DSD Fall 2022: Quantifying the Commons (8B/10)

In this blog series, I discuss the work I’ve done as a DSD student researcher from UC Berkeley at Creative Commons.

12 min readNov 21, 2022

In this gigantic text-post, I take my intermediate steps onto making a Machine Learning model for the Quantifying the Commons initiative, discussing: the training, tuning, and final analyses of models.

DSD: Data Science Discovery, is a UC Berkeley Data Science research program that connect undergraduates, academic researchers, non-profit organizations, and industry partners into teams towards their technological developments.

Note: Reading Post 7A, 7B, 8A will provide great help with context of this report.

Covering Ground: How do Machine Learning Algorithms Actually Learn?

There is a general SOP for how to make a model out of a machine learning algorithm:

Input a set of data into the Machine Learning algorithm. The algorithms each have different ways of coming up with good formula and patterns.
Test the performance of an algorithm. If it is not good, adjust numbers and datasets until it gets better.

In other words, algorithms can be imagined as “machineries that follow a procedure to find best formula for a dataset”, and the formula is the only thing that an algorithm learns while its execution.

This learning process is known as “training”, and the dataset used during “training” is known as the “training set”.
But we need to test the model as well. This is when we use the other partition of our dataset to test the accuracy and performance of a model, known as “testing set”.

Ok, so we understand that training set is for training, and testing set is for testing.

But why do we still need to test the model if it’s not being trained with all the data available?

This is because if a model uses too much data from training set, then its formula will be extremely tailored to the reality that training set captures.
However, we have no way to decide if training set provides a good image on how reality looks like.

For example, if my training set only has pictures of blue puppies and blue bagels, my test set is responsible of telling me there exist many puppies and bagels that are not blue.

If a model only follows its training set and behaves excessively inaccurate on the testing set and real-world data, we call the model as “overfitting” the training set.
In other words, the model overly fits the training set and lives in the world shaped by that training set, unaware of what the truth is regarding the distinction of puppies and bagels.

Therefore, a partition of the original dataset still needs to be used for testing, and another portion used for training. A popular choice of train-test split is 70% — 30%.
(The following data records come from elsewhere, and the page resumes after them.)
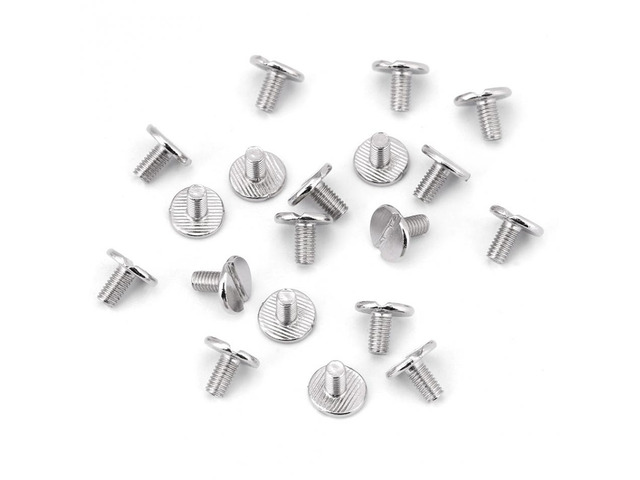 20pcs/Set Flat Head Screw Rivets Leather Belt Repair Supplies Durable Brass Threaded Flat Nut Nail Rivets Screws Tools - 8MM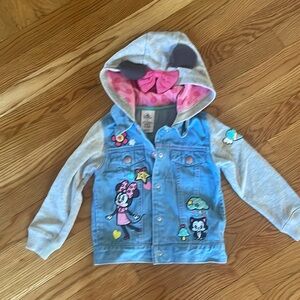 Disney kids Jean jacket with sweatshirt trim. Embroidery. Minnie ears hood 3T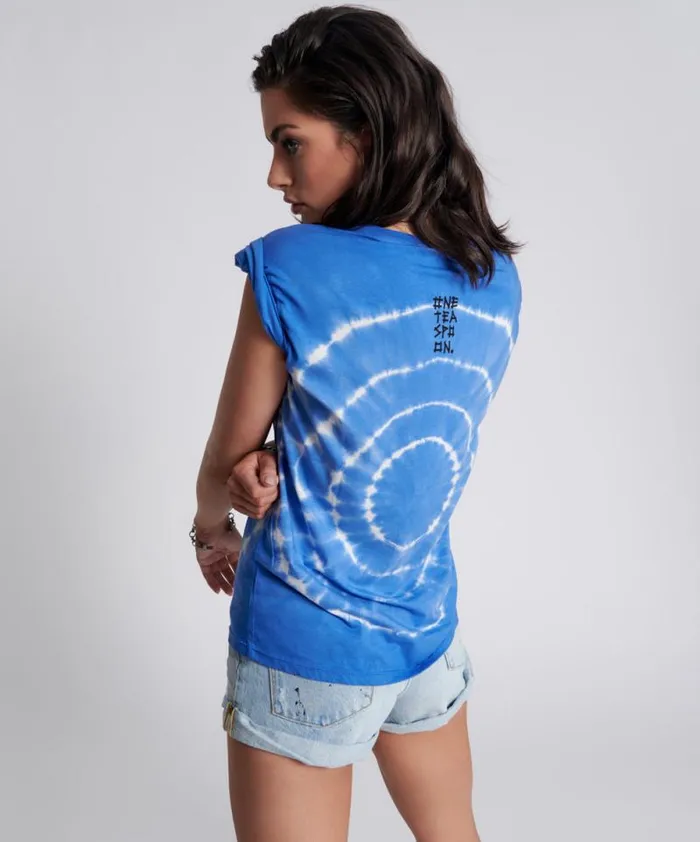 Women HAND DYED LOGO ORGANIC CREW TEE One Teaspoon Tees and Tanks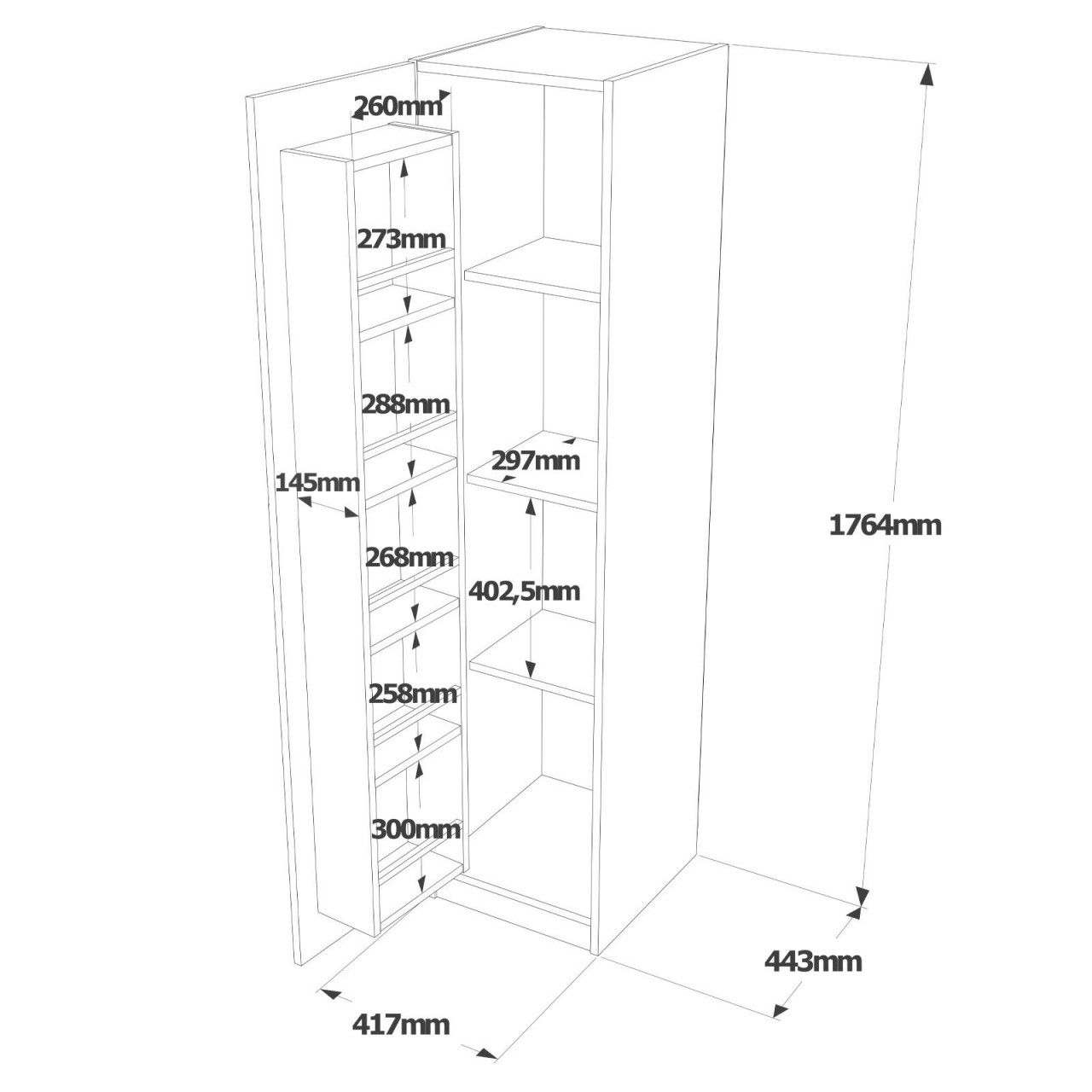 Poze Dulap MDF multifunctional VA1-KL L41,7 cm - H176,4 cm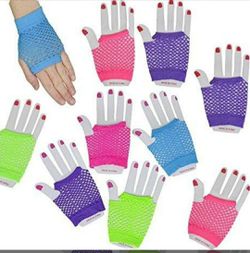 Short Fishnet gloves, fingerless, Neon, 80s costume, cosplay, ladies kids, new, Halloween 🎃 retro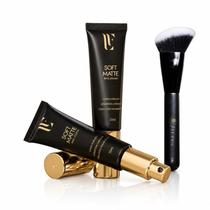 Kit Base Líquida LF Pro 10 Cores + Pincel Para Base F01 Profissional Original Alta Cobertura Acabamento Natural COR:KIT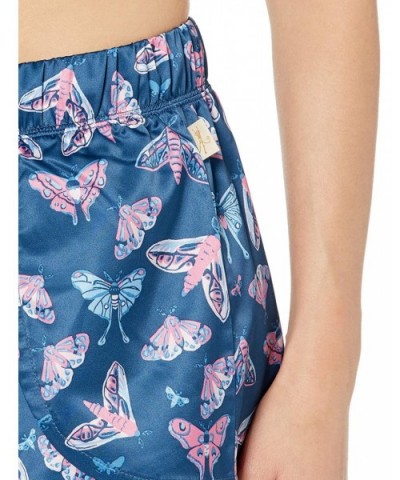 Women's Satin Sleep Shorts - Butterflies - CP18SL69T3S $36.26 Bottoms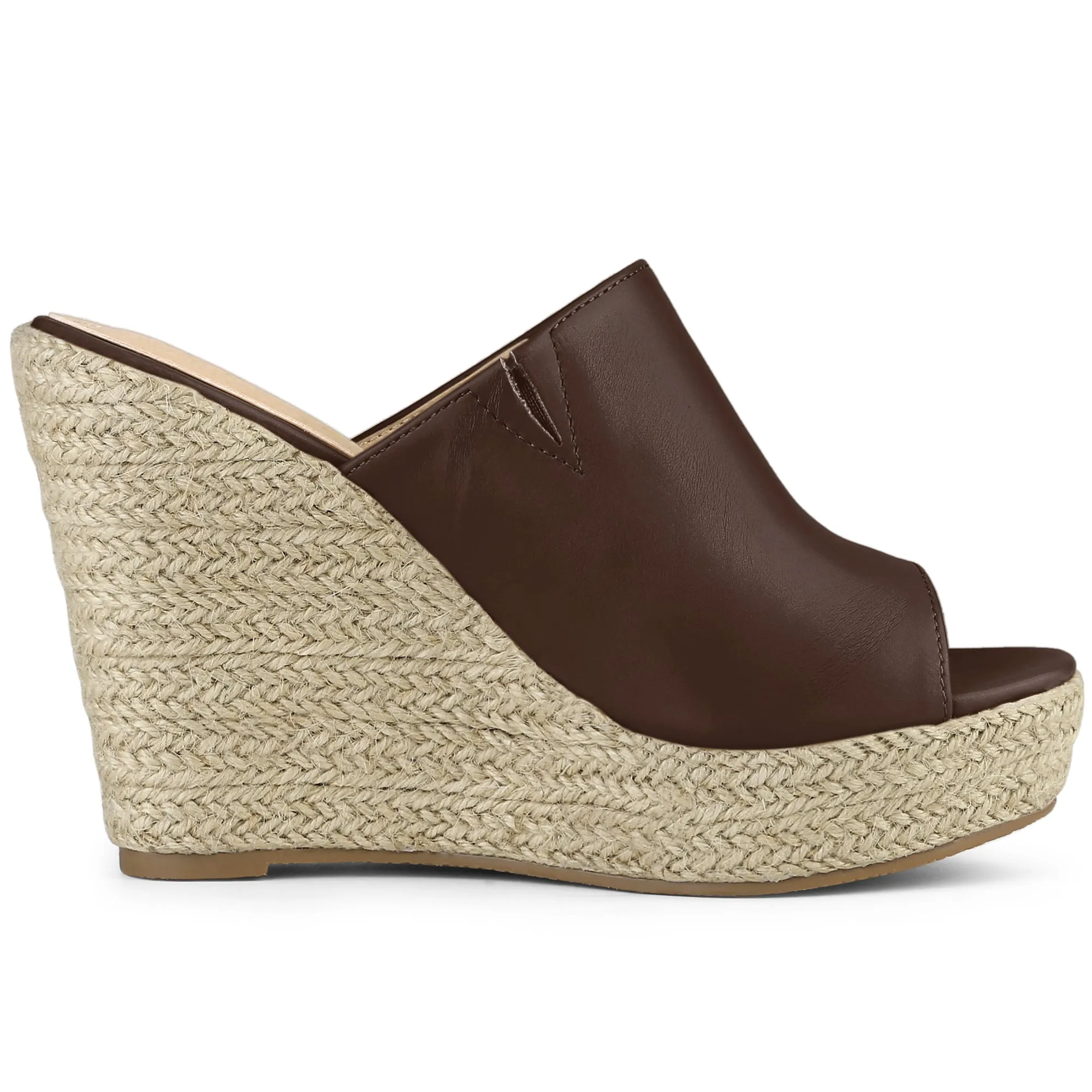 PU Leather Open Toe Espadrille Wedge Platform Mules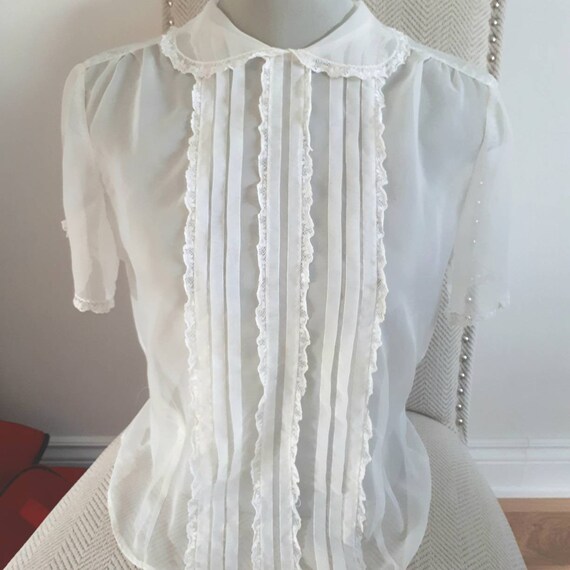 Vintage organza blouse, ladies ivory organza blous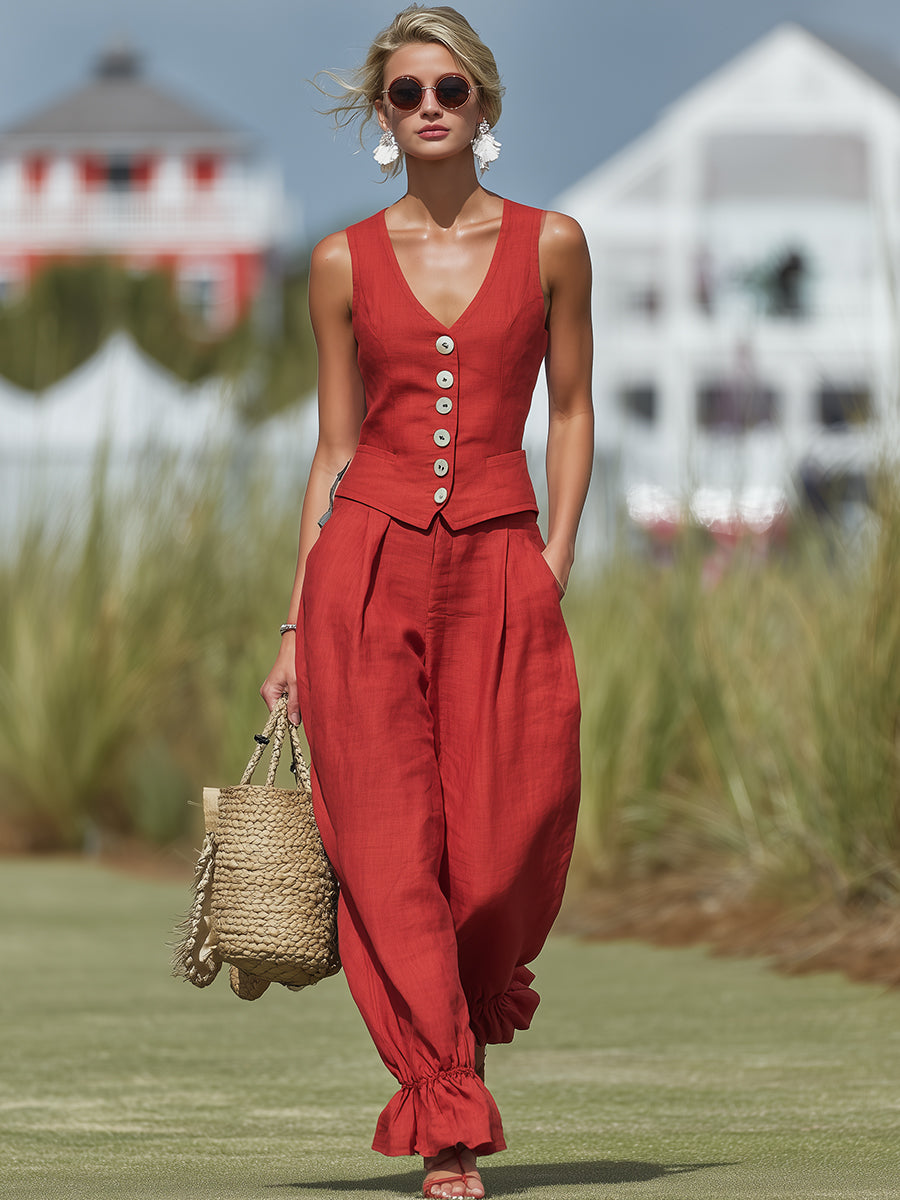 Fashionable Vacation Style Red Cotton Linen White Button Vest Ruffled Lantern Pants Set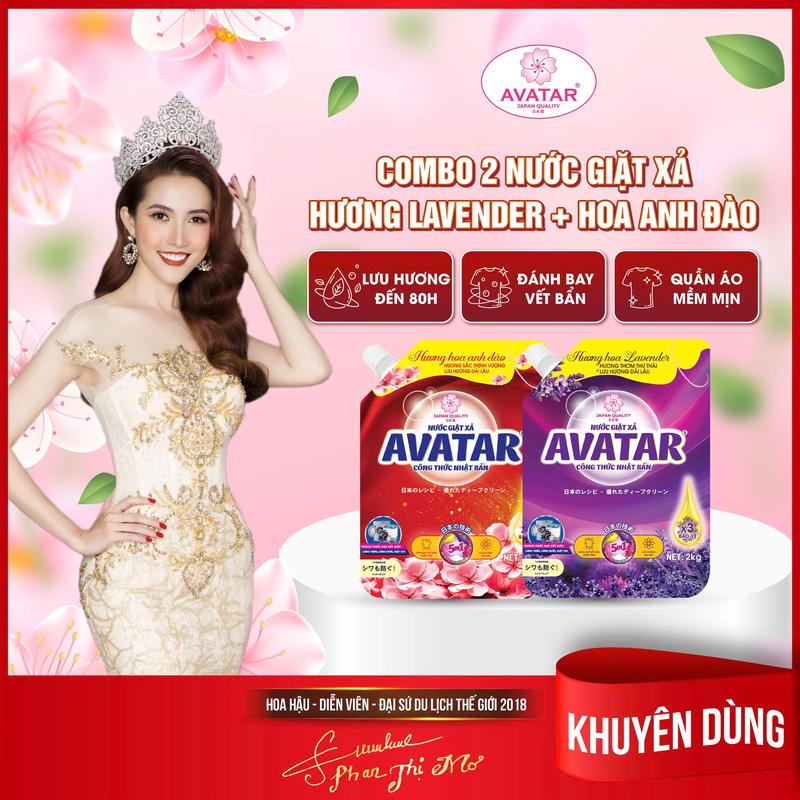 HOT Nước giặt xả AVATAR 5 Trong 1 - Hương Hoa Oải Hương Và Hoa Anh Đào -Túi 2KG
Defining Training Objectives

Generally, we can stop the model training process whenever seen fit based on the objective of a model.

Since we are a recommendation system, as long as the top 2 or top 3 possible categories of a document’s license type is predicted well based on realistic, industrial standards (70% to 90%), we can compromise by saying “the model works for its context, and it would work better under a more well-sampled dataset”.

Summary of Model Selection and Training Processes

Let’s go over how each model was selected, and how their training processes went during modeling phase of this project. We will cover their performances in the next section after these summaries.

Logistic Regression

Logistic Regression is a classifier algorithm that estimates the probability that a specific data entry belongs to one of the two provided categories. Whichever of the two categories that appear more likely would be the result of classification.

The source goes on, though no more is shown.